All the records that follow need to be reproduced exactly. Omit the images.

:: Dataset records ::
-- Opening Marker --
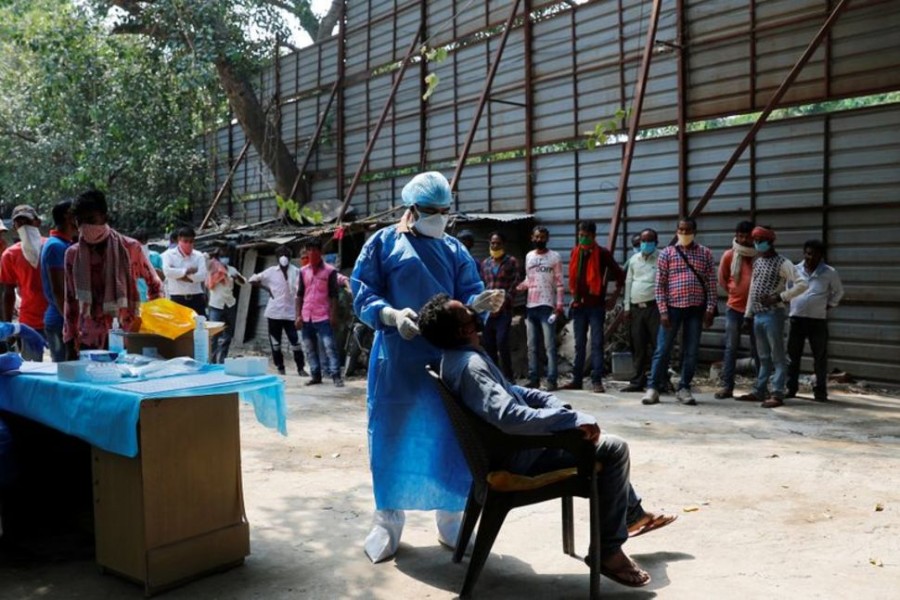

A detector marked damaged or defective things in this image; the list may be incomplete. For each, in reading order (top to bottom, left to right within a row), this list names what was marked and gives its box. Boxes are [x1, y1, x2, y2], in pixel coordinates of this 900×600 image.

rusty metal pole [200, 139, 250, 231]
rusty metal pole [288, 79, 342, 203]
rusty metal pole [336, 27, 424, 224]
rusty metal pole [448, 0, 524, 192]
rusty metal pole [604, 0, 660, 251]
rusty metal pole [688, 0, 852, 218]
-- Closing Marker --
:: Answer for the task ::
A detector marked damaged or defective things in this image; the list may be incomplete. For each, in reading order (top to bottom, left to right within a row), this list names what was marked and gives its box. Boxes are [x1, y1, x2, y2], in pixel coordinates of this 900×600 image.

rusty metal pole [200, 139, 250, 231]
rusty metal pole [288, 79, 342, 203]
rusty metal pole [336, 27, 424, 224]
rusty metal pole [448, 0, 524, 192]
rusty metal pole [604, 0, 660, 251]
rusty metal pole [688, 0, 852, 218]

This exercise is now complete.